You can use groups if you need to access the information captured inside a group later, for example in back-references or from calling code.

  • (abc) → Capturing group
  • (?:abc) → Non-capturing group
  • (?P<name>abc) → Named capturing group
  • \1\2 → Backreferences to captured groups

✅ Common Regex Patterns

  1. Email Validation

    ^[a-zA-Z0-9._%+-]+@[a-zA-Z0-9.-]+\.[a-zA-Z]{2,}$
  2. Phone Number (US)

    ^\(\d{3}\)\s?\d{3}-\d{4}$
  3. URL

    ^https?:\/\/(www\.)?[a-zA-Z0-9.-]+\.[a-zA-Z]{2,}(/.*)?$
  4. IP Address (IPv4)

    ^((25[0-5]|2[0-4]\d|[01]?\d\d?)\.){3}(25[0-5]|2[0-4]\d|[01]?\d\d?)$
  5. Date (YYYY-MM-DD)

    ^\d{4}-\d{2}-\d{2}$
  6. Password (8+ chars, 1 uppercase, 1 digit)

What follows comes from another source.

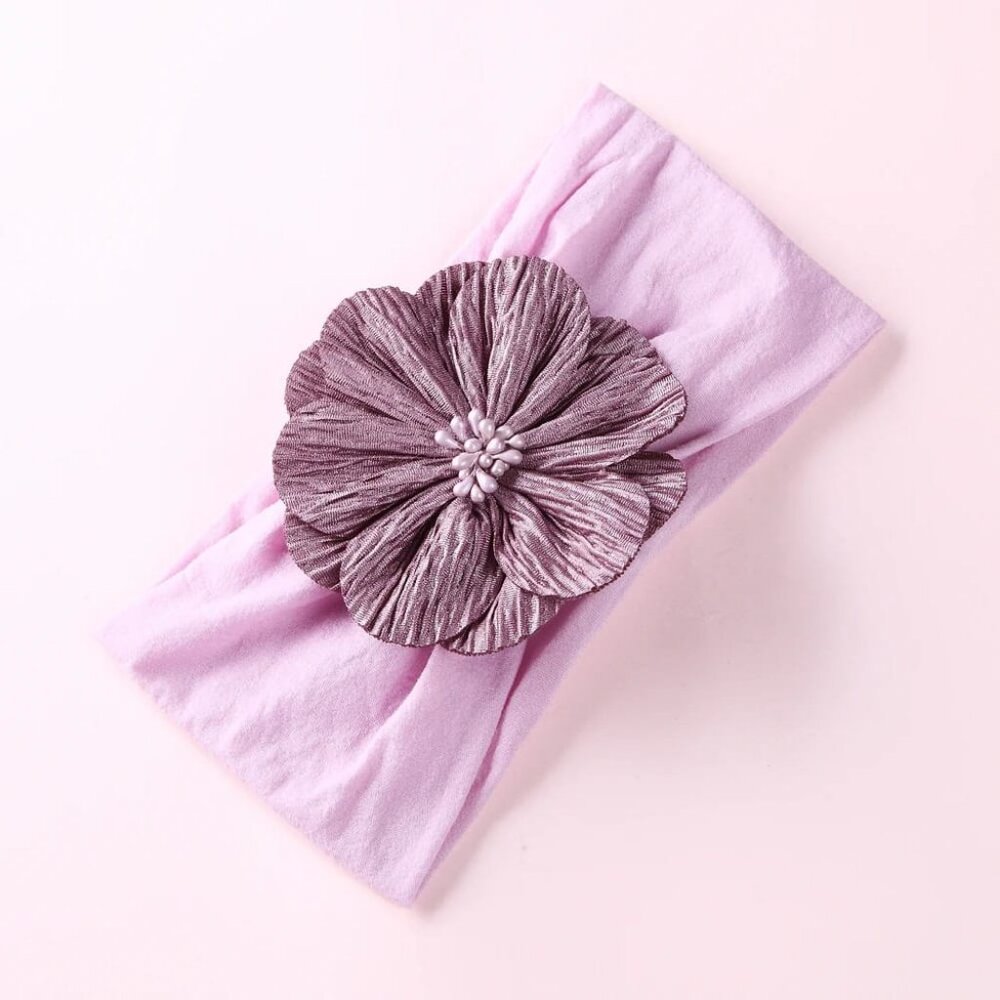 NEW - Flower Headband Baby Girl Vintage - Baby Girls Accesories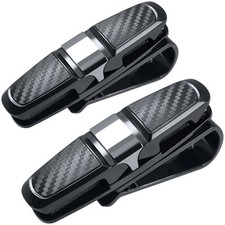 2 Pack Glasses Holders for Car Sun Visor, Sunglasses Eyeglasses Mount with Ti...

    ^(?=.*[A-Z])(?=.*\d)[A-Za-z\d]{8,}$

⚡ Advanced Features

  • Lookahead / Lookbehind
    • (?=...) → Positive lookahead
    • (?!...) → Negative lookahead
    • (?<=...) → Positive lookbehind
    • (?<!...) → Negative lookbehind

Example:
(?=.*\d)(?=.*[A-Z]) ensures at least one digit and one uppercase letter.